Since its founding in 2001 as a society, VICO has commissioned and performed almost 100 pieces (small- and large-scale), said Denburg, noting that there are several ways a piece gets commissioned. One way is to apply to the Canada Council “to raise funds to commission a significant new work from a particular composer.”
As well, he said, VICO holds workshops for established composers wanting to learn about writing for non-Western instruments and workshops and classes for young student composers. The established composers will create pieces using “smaller forces, perhaps one non-Western instrument with a string quartet,” while the students “are encouraged to write for small combinations of instruments, and have their pieces premièred as part of a recital; such was the case recently at our inaugural Summer Academy (June 26-July 1),” said Denburg. “Finally, directors of the VICO, in collaboration with interested composers, decide to commission a new work directly.

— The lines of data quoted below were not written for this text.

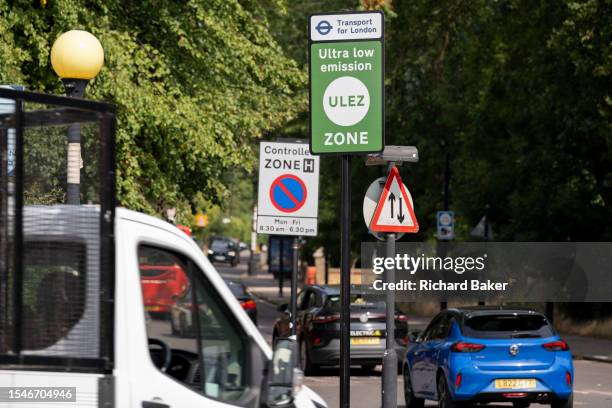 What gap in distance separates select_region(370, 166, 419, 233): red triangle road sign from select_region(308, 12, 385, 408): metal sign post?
4.81 m

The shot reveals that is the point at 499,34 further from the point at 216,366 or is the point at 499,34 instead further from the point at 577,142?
the point at 216,366

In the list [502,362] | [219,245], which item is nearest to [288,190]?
[502,362]

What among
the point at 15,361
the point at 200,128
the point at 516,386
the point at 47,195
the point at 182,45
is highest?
the point at 182,45

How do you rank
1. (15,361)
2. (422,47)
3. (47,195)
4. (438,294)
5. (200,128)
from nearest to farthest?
1. (15,361)
2. (47,195)
3. (200,128)
4. (438,294)
5. (422,47)

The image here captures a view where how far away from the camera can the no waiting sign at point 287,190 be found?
14.9 meters

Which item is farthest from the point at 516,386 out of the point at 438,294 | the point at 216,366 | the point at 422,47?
the point at 422,47

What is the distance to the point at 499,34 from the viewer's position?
4050cm

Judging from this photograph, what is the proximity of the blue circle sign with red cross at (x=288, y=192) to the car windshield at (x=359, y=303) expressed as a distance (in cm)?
990

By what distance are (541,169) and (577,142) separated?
1.22 metres

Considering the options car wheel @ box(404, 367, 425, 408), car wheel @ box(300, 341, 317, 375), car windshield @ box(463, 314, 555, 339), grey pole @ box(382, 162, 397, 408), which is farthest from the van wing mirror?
car wheel @ box(300, 341, 317, 375)

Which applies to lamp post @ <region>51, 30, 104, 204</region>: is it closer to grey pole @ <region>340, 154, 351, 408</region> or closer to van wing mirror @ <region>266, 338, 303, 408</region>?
grey pole @ <region>340, 154, 351, 408</region>

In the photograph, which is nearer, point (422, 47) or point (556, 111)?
point (556, 111)

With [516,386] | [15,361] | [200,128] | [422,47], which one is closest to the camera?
[15,361]

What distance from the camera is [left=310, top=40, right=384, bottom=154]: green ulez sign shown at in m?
10.6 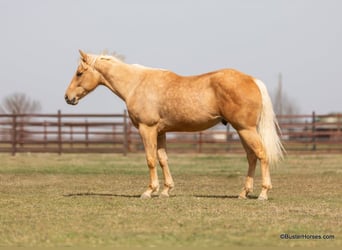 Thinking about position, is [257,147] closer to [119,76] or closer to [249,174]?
[249,174]

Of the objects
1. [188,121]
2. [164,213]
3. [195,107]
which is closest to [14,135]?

“The decision to commission a particular composer, in a particular style, is made once the main theme of a concert or a festival project is established. For example, we recently held a festival called Hands On (June 6-11), a series of concerts featuring percussion and drums from all over the world. It included many melodic instruments as well, and composers were sought out to write for the combinations of instruments at our disposal. When we include both large and small commissions, our recent festival, Hands On, and the Summer Academy brought about the creation of 12 to 15 new works.”